● EXERCISE DIRECTIONS
Transcribe exactly, and only, the lines running from the one with "Urban Wave 2Bed" to the end of the entries below, both included, without any pictures.

[Short web captions]
--------

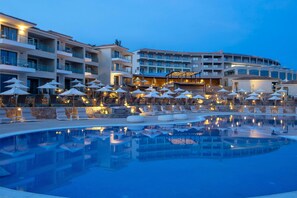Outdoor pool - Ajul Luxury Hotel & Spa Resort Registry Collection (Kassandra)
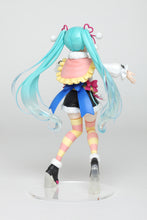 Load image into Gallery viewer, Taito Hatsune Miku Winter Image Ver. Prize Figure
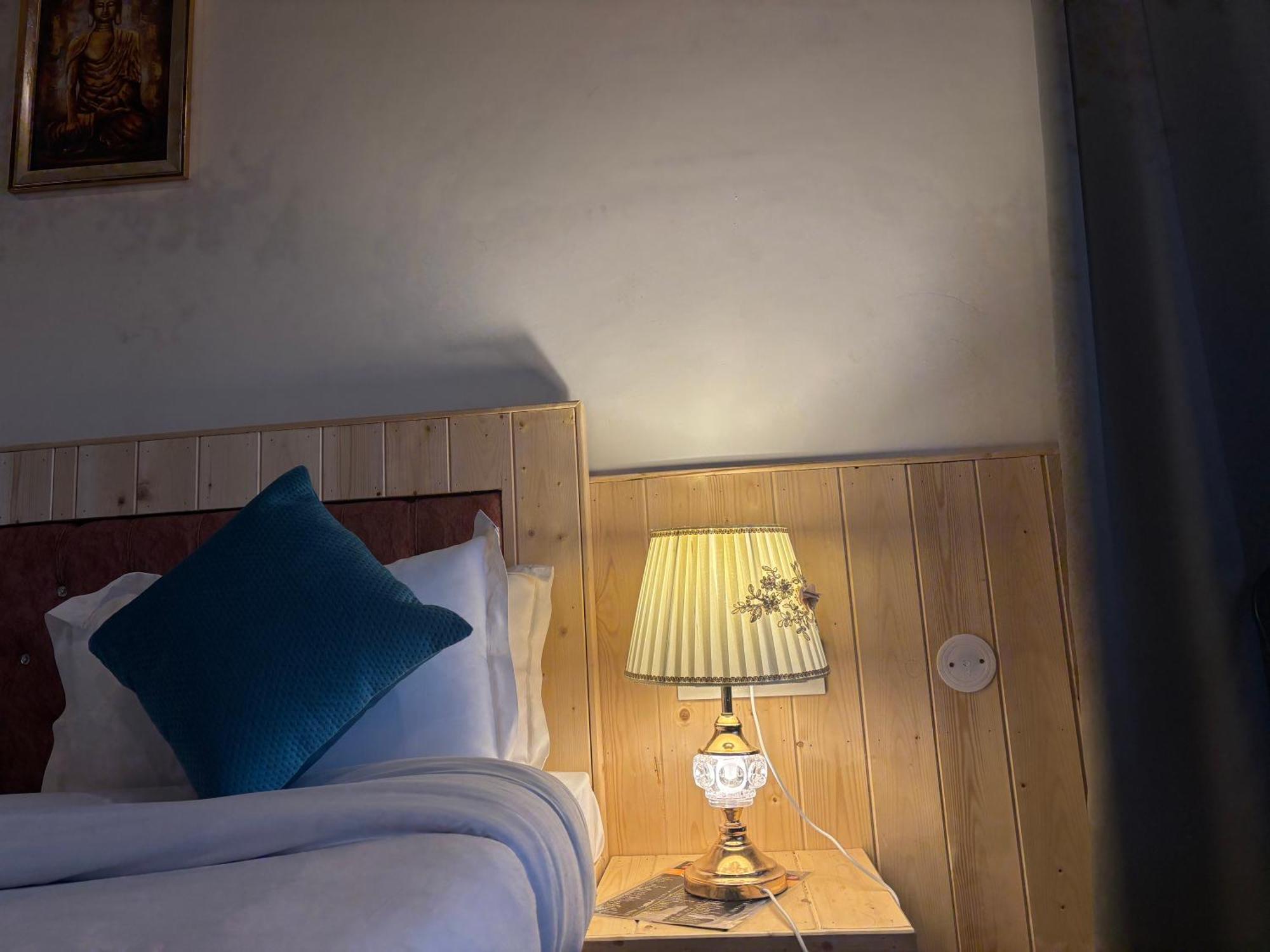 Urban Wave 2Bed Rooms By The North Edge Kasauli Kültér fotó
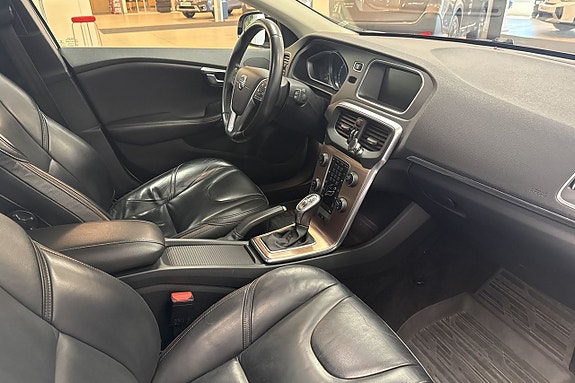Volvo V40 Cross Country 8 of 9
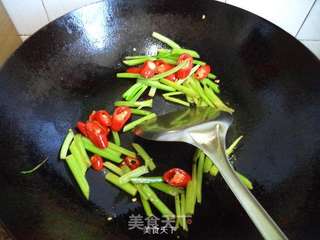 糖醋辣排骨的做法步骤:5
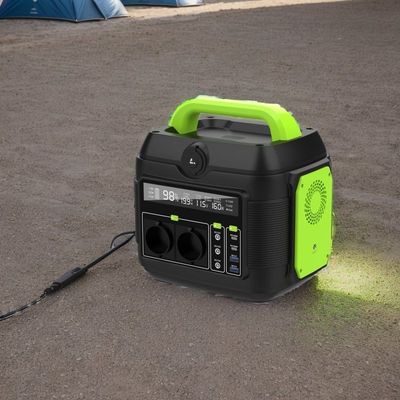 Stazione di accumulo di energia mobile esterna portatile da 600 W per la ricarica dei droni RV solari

--------

● YOUR RESPONSE
 Urban Wave 2Bed Rooms By The North Edge Kasauli Kültér fotó
Volvo V40 Cross Country 8 of 9
 糖醋辣排骨的做法步骤:5
 Stazione di accumulo di energia mobile esterna portatile da 600 W per la ricarica dei droni RV solari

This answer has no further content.